As an aside, and perhaps I’m mistaken, but I don’t recall Sen. Graham blocking any of President Bush’s appointments waiting to learn how the administration mishandled the intelligence predating 9/11 or regarding Iraq’s non-existent weapons of mass destruction. How many lives were involved in those matters? But Graham will block the nominees for Secretary of Defense and head of the CIA because of four deaths in a terrorist attack in Benghazi? Nope. No politics on display there. Move along. But before you move along, query further whether blocking the administration from having a Secretary of Defense and CIA Director might actually endanger or weaken our defense and intelligence systems?
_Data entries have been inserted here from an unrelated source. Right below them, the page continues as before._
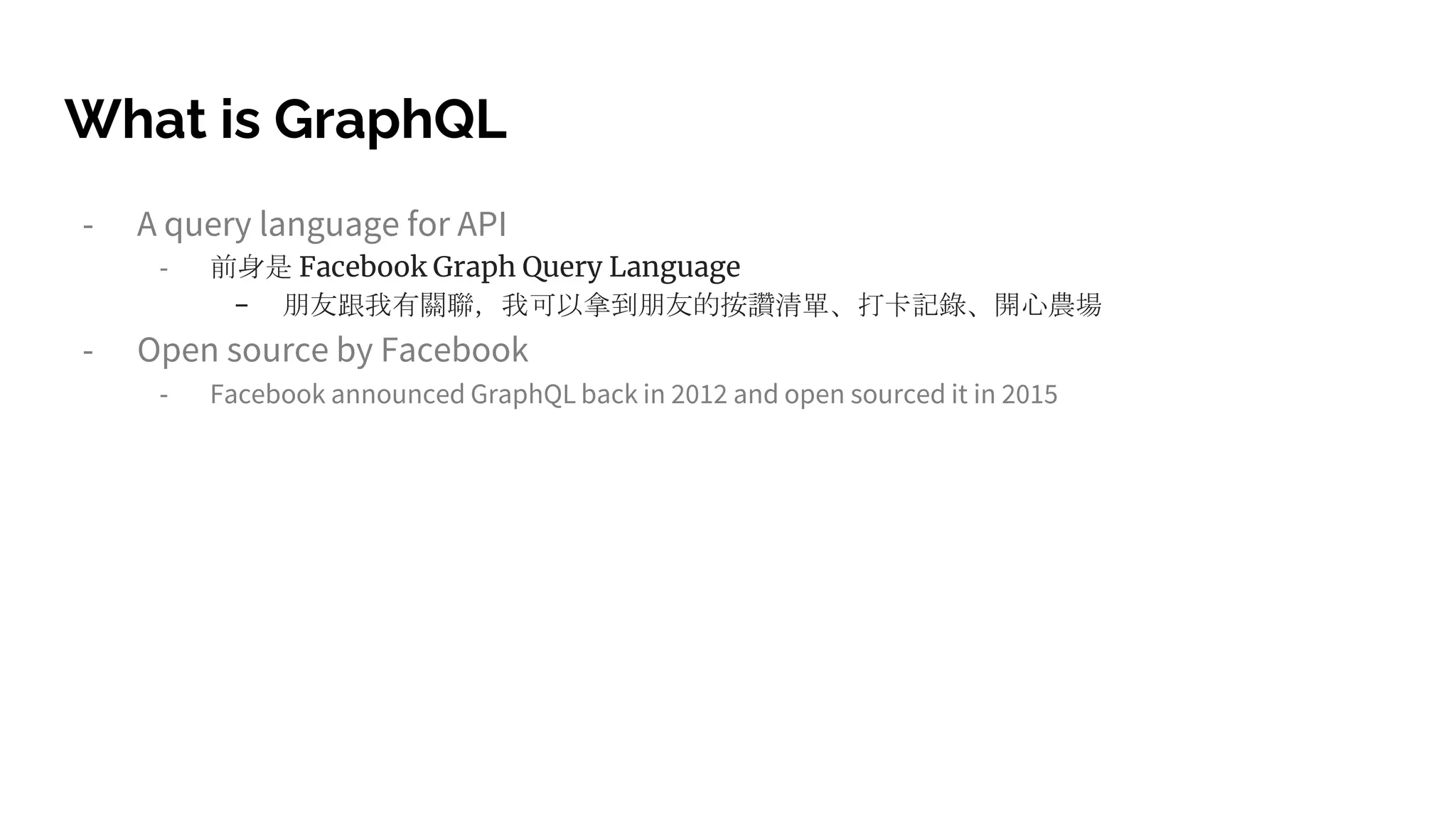 What is GraphQL
- A query language for API
- 前身是 Facebook Graph Query Language
- 朋友跟我有關聯,我可以拿到朋友的按讚清單、打卡記錄、開心農場
- Open source by Facebook
- Facebook announced GraphQL back in 2012 and open sourced it in 2015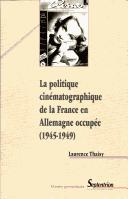 La politique cinématographique de la France en Allemagne occupée, 1945-1949 by Laurence Thaisy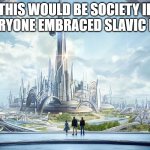 This would be society if- | THIS WOULD BE SOCIETY IF EVERYONE EMBRACED SLAVIC LIVE | image tagged in this would be society if-,slavic lives matter,slavic live | made w/ Imgflip meme maker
Seriously, though, ask yourself whether we really want a system in which a single anonymous senator or even a minority of the Senate can almost permanently block a President from appointing people to offices especially when the opposition has nothing to do with the person being nominated and when the inability to have the nomination confirmed may render a federal agency (such as the NLRB or CFPB) completely unable to function? Is our system really designed to allow a minority of senators to prevent the government from functioning? I don’t think so.
And just think of the precedent that this could set. What happens when the minority decides that they will reject nominees unless the President appoints only those people that the minority wants appointed? What happens when the minority blocks appointments so long that entire agencies cease to function (the Bureau of Alcohol Tobacco and Firearms hasn’t had a permanent director in over six years, largely because Senate Republicans have refused to consider appointments to that post because they don’t like that division of the Justice Department). Can you imagine the screams we’d be hearing from Fox News is Senate Democrats, for example, refused to consider a President Romney’s appointment to head the Treasury unless and until President Romney released his tax returns, or refused to consider an appointment to the Secretary for the Interior unless the Romney administration agreed to stop the Keystone XL Pipleline? We’d hear all sorts of cries about how the Senate was getting in the way of democracy and we’d hear the refrain that “elections matter”.
Well, elections do matter. And right now, the minority in the Senate (where you’ll recall, Republicans lost seats), is doing what they can to stymie the will of the American electorate. This is a dangerous precedent for our democracy.